*ENTRIES SUPPLIED*:
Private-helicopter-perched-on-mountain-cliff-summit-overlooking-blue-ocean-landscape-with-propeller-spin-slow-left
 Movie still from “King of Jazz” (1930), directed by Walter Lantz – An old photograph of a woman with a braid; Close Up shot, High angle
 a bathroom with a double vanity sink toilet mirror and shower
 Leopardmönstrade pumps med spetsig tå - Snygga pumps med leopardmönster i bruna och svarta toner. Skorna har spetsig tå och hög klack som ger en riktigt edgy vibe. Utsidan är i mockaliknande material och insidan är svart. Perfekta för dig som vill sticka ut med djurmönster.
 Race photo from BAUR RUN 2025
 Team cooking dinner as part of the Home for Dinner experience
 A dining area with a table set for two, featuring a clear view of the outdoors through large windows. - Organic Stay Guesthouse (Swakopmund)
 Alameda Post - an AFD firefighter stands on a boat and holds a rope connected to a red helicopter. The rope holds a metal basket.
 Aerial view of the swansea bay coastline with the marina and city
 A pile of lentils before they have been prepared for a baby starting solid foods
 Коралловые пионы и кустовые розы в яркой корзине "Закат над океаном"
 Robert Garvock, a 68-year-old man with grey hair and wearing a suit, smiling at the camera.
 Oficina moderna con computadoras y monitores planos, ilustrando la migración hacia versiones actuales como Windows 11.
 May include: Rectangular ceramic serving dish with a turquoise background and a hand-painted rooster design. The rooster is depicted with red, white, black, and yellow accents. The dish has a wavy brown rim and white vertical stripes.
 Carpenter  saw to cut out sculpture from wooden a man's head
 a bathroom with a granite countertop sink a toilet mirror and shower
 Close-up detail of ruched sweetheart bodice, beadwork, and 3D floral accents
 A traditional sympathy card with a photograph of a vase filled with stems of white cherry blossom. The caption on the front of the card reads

*WHAT YOU SHOULD DO*: From the listing above, the lines starting with the one that has "Team cooking dinner" and running through the one that has "Alameda Post - an" should be copied exactly, ends included.

*OUTPUT OF THE TASK*:
 Team cooking dinner as part of the Home for Dinner experience
 A dining area with a table set for two, featuring a clear view of the outdoors through large windows. - Organic Stay Guesthouse (Swakopmund)
 Alameda Post - an AFD firefighter stands on a boat and holds a rope connected to a red helicopter. The rope holds a metal basket.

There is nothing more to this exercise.